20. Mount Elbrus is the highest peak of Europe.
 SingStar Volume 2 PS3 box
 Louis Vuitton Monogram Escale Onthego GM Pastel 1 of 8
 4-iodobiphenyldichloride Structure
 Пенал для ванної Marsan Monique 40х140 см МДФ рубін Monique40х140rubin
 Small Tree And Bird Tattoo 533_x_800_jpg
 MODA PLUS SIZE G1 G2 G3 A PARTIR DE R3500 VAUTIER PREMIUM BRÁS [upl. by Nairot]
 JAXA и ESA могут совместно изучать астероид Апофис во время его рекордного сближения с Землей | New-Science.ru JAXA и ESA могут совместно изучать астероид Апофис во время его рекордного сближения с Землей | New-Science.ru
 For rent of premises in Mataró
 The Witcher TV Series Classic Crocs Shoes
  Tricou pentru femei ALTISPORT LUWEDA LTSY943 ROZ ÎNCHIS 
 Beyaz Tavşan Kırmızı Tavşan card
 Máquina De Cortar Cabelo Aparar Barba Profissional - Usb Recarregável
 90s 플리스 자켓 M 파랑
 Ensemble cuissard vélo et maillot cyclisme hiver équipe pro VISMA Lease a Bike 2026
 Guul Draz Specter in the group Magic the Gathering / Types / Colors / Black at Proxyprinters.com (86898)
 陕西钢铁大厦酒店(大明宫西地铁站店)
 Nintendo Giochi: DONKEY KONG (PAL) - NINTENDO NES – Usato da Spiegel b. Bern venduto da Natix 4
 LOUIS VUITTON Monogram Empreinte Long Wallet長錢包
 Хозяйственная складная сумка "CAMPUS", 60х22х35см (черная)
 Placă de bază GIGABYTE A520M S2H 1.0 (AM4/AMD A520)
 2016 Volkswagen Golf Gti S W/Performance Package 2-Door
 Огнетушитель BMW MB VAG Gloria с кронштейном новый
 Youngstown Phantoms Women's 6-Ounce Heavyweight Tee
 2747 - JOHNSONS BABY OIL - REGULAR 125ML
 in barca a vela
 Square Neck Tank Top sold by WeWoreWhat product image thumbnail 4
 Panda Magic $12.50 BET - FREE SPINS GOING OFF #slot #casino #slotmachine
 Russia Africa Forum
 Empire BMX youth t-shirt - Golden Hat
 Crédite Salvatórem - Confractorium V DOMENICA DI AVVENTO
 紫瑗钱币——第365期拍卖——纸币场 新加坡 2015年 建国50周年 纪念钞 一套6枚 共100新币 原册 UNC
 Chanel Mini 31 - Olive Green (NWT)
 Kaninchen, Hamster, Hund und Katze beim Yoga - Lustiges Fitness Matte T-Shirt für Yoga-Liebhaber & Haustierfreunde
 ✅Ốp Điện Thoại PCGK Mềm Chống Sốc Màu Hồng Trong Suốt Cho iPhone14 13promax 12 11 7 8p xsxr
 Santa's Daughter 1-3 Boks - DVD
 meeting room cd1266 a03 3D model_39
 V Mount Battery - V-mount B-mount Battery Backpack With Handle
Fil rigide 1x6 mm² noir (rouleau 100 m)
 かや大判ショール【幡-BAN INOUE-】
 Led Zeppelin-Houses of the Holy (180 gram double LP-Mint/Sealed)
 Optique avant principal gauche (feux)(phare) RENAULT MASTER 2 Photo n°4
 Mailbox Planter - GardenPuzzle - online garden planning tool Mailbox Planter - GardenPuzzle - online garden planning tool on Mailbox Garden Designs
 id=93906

▶ **WORK TO BE COMPLETED**
Look back at the data above. Transcribe exactly the lines starting at the line that contains "New-Science.ru JAXA и" and ending at the line that contains "Beyaz Tavşan Kırmızı Tavşan card".

▶ **THE COMPLETED TASK**
 JAXA и ESA могут совместно изучать астероид Апофис во время его рекордного сближения с Землей | New-Science.ru JAXA и ESA могут совместно изучать астероид Апофис во время его рекордного сближения с Землей | New-Science.ru
 For rent of premises in Mataró
 The Witcher TV Series Classic Crocs Shoes
  Tricou pentru femei ALTISPORT LUWEDA LTSY943 ROZ ÎNCHIS 
 Beyaz Tavşan Kırmızı Tavşan card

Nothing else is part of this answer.